Image of a woman holding a child with flowers in her hands

An Ode to All Mothers

As I reflect on motherhood this year, it strikes me what an identity shaping word it is: the language of 'mother' is so universal and inclusive; as inclusive as birth and death. If we aren't one, we've at least got one, or had one. 

 

I read a beautiful book this year called "Rewilding Motherhood." I expected it to be a parenting book, and rather, it was a book redefining motherhood—an invitation back to ourselves as whole people and mothers.

 

My friend used to tease me before I had kids, that I became a plant person because I was just dying to mother something. My daughters are now six and eight, and it’s really starting to seem like I'm done having children, at least until they have partners or I'm convinced to adopt some other being running around in my vicinity. I've been almost ready to give my husband the 'go-ahead' on a vasectomy. In some ways, I've been mourning this for years. Two, though. That's my number. Is two enough? But I'm so immensely grateful for the two whole beings that I get to mother. 

 

We've had some wins this year. My littlest learned to swim, which is a beach time game-changer.
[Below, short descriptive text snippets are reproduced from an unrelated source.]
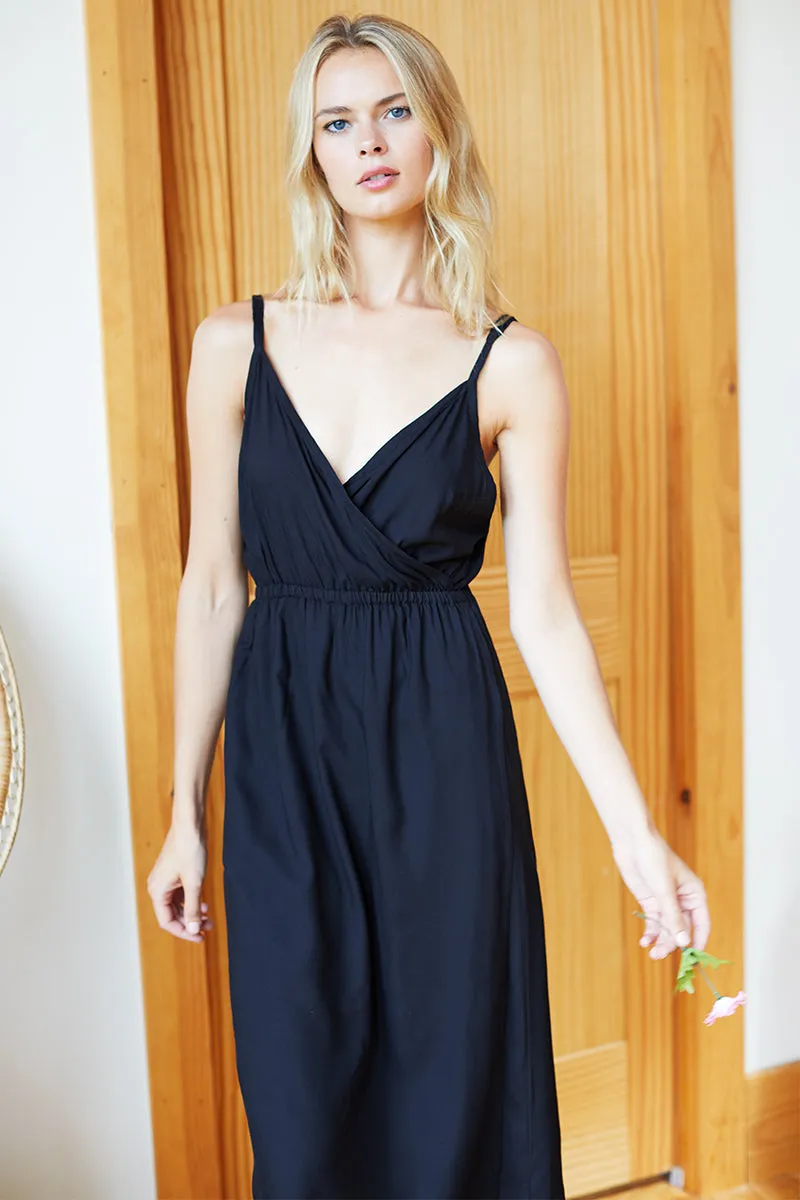 Little Island Dress - Black sold by Emerson Fry product image thumbnail 4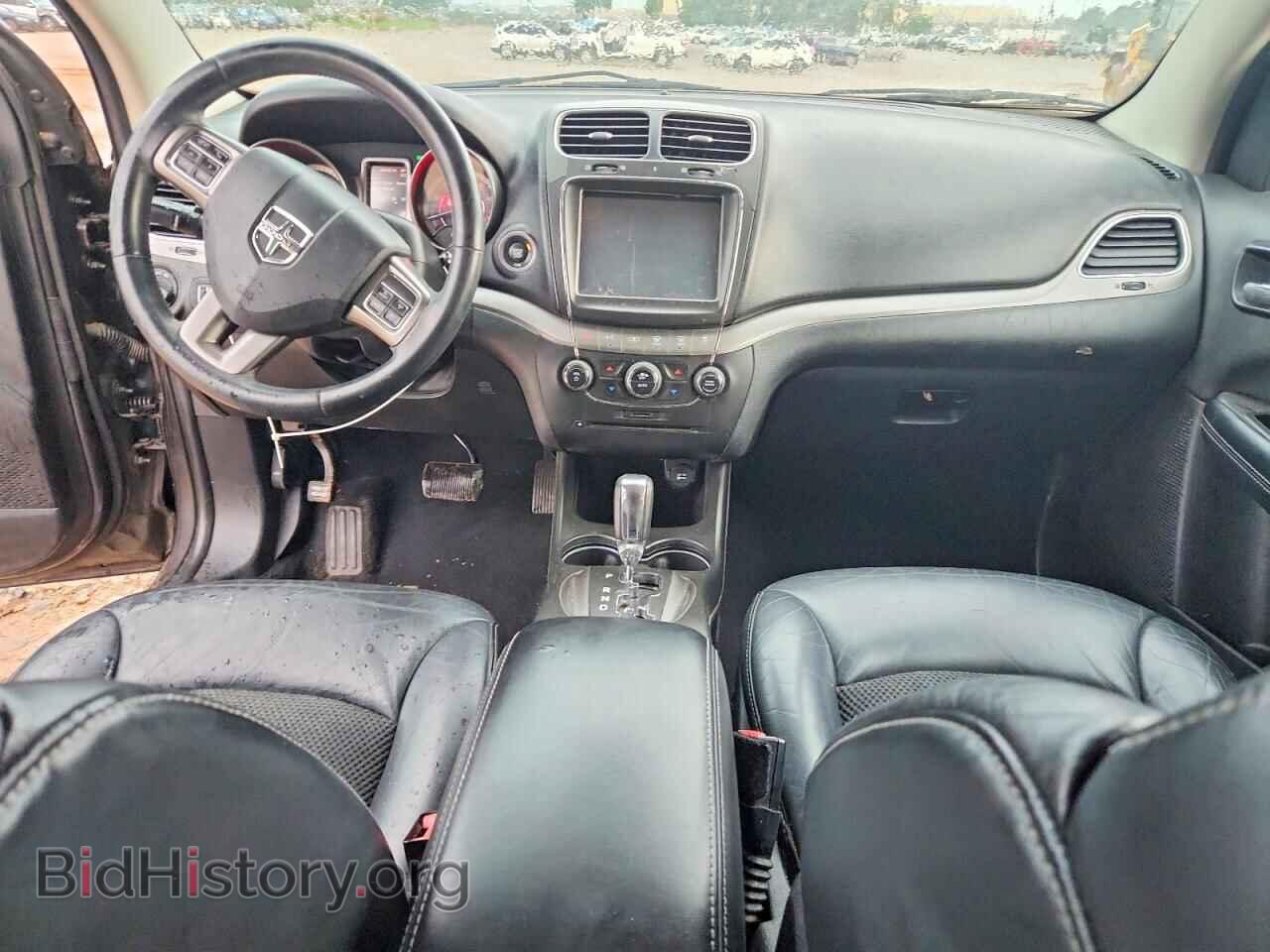 2017 DODGE JOURNEY - VIN: 3C4PDCGG1HT594703 - Фото 8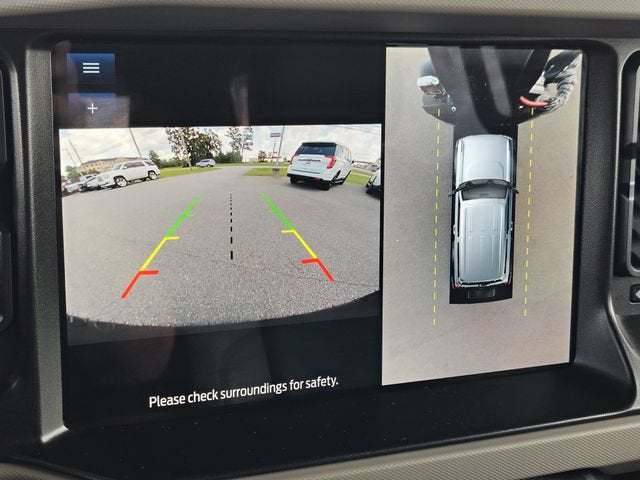 2021 Ford Bronco Base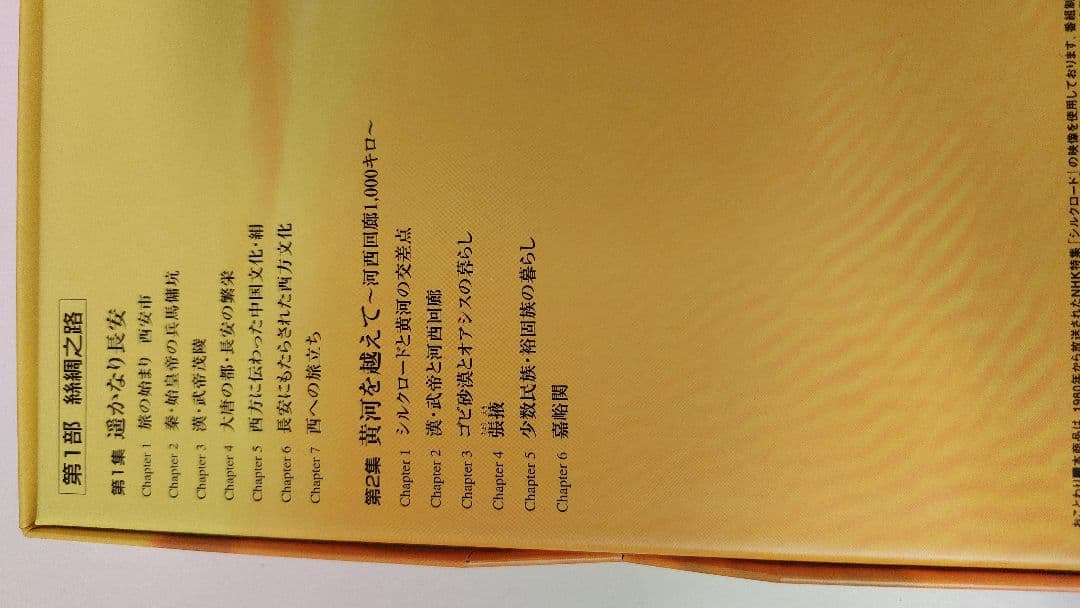 シルクロード DVD15枚コレクション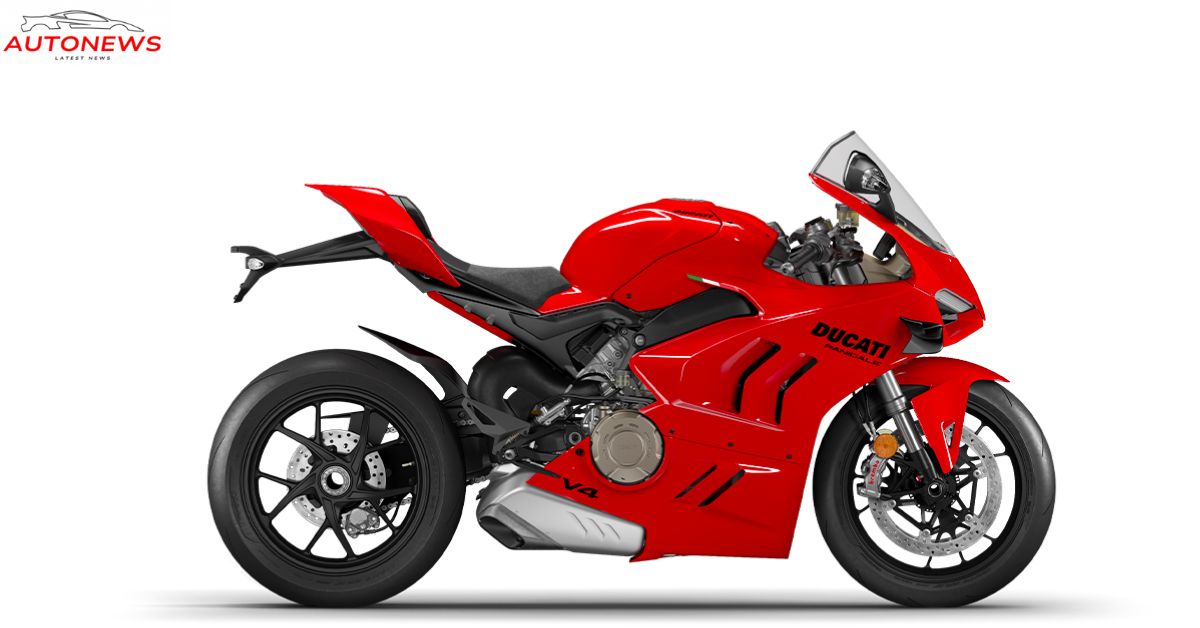 Ducati Panigale V4: A Symphony of Speed, Design, and Engineering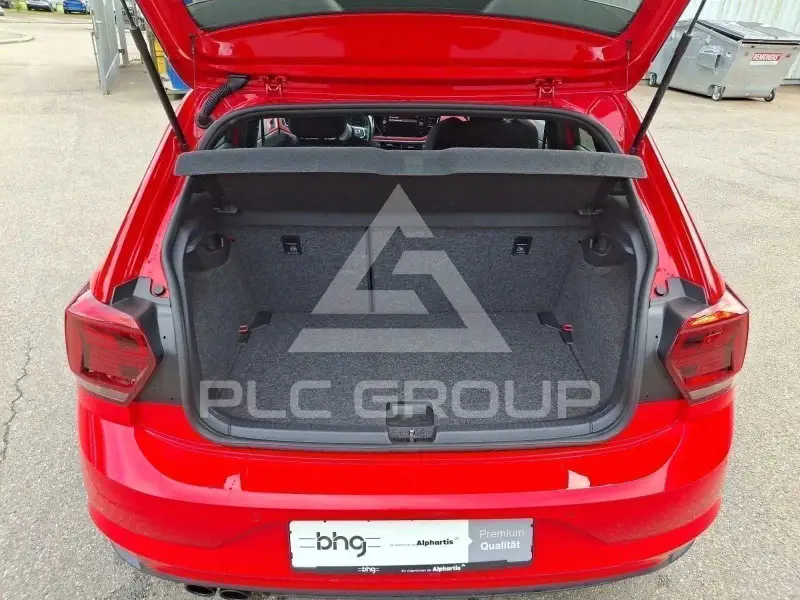 2020 Volkswagen Polo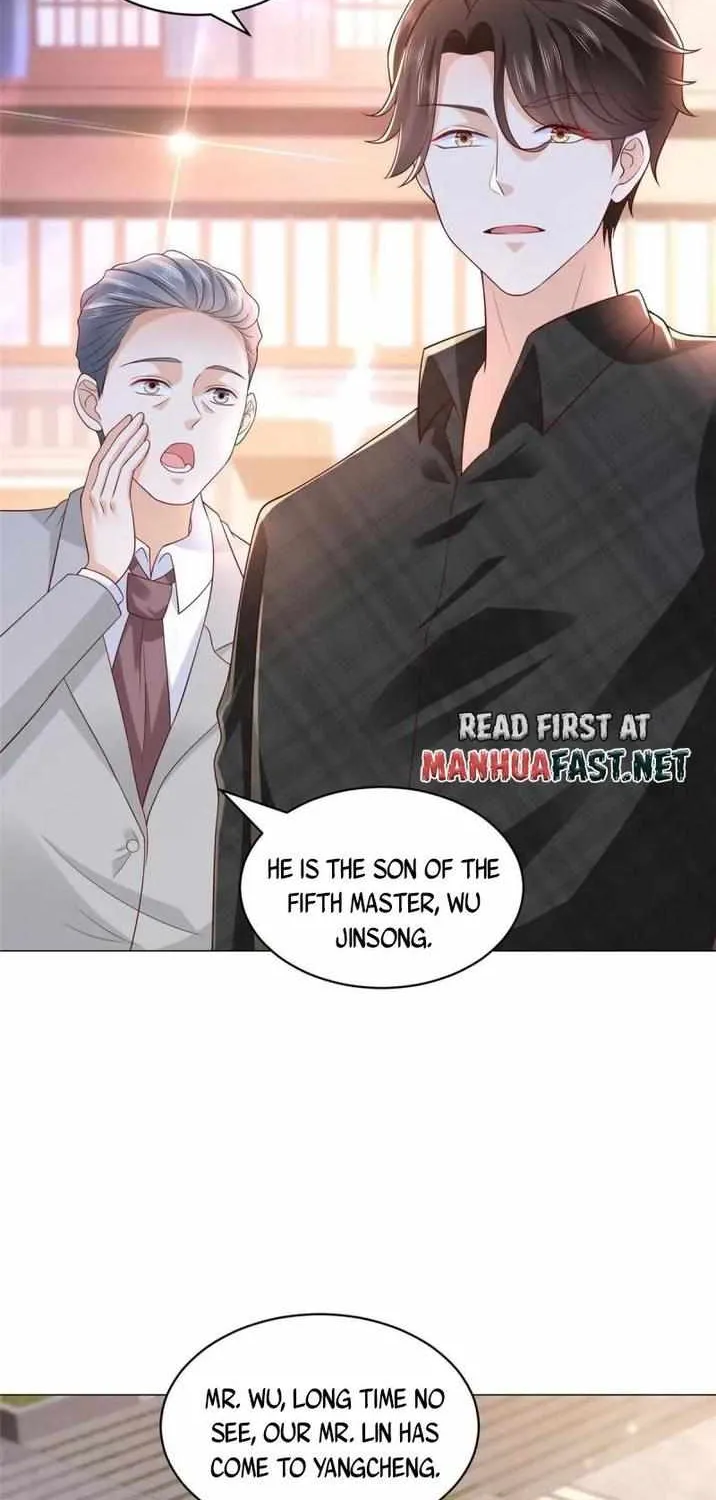 I Randomly Have A New Career Every Week Chapter 313.1 page 4 - 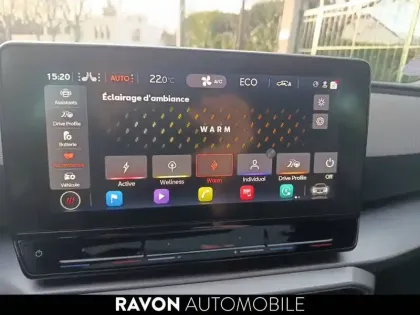 Photo 28 Seat Leon  e-Hybrid 204 ch DSG6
I used to be jealous of the mom in the kids book Olivia, who could READ while her (I'm guessing) three and five-ish-year-old played on the beach. Just reading! While drowning is at stake! My oldest now reads chapter books at bedtime, and as an avid reader myself, it's fun to enjoy this mutual hobby; my littlest is reading a few of the words now, too. They still make me sweet cards and let me kiss them goodbye at school. The oldest is starting to accept maybe some of the little green things in the food, as long as there are no visible or discernable onions. And in those few moments, I think to myself, I'm enjoying this.

 

One of my friends, who struggled with infertility for years, is pregnant with her second! My sister still struggles with all the appointments and the bad news of getting her period again and again each month. I watch my friends with infants. Oh yeah—the feeding and sleeping schedule used to be literally everything. And I've got others with four whole beings to manage. That's mine, doubled. Double whining. Double giggling. I see another friend who's a passionate and invested new stepmom, (a damn good one) and all of those unique challenges. Motherhood. What a glorious, infuriating, mind-numbing, and delightful gift.  

 

I still mourn my own mother's death—it was 18 years ago this month. A little over a year ago, I lost my mom's best friend, sort of a stand-in mom for me, and my child's namesake. I used to text "thinking of you" on Mother's Day to all my friends who'd lost their moms. Now that I'm older, the list is too long. And maybe now I'd send that text to the friend struggling with infertility, the one who lost a pregnancy, the one who's doing it alone. 

 

So with all these mixed stories and feelings, we really must celebrate. Gold stars for everyone who is, who's hoped to be, and who's doing their best. Happy Mother's Day, moms—now I have some flowers to arrange!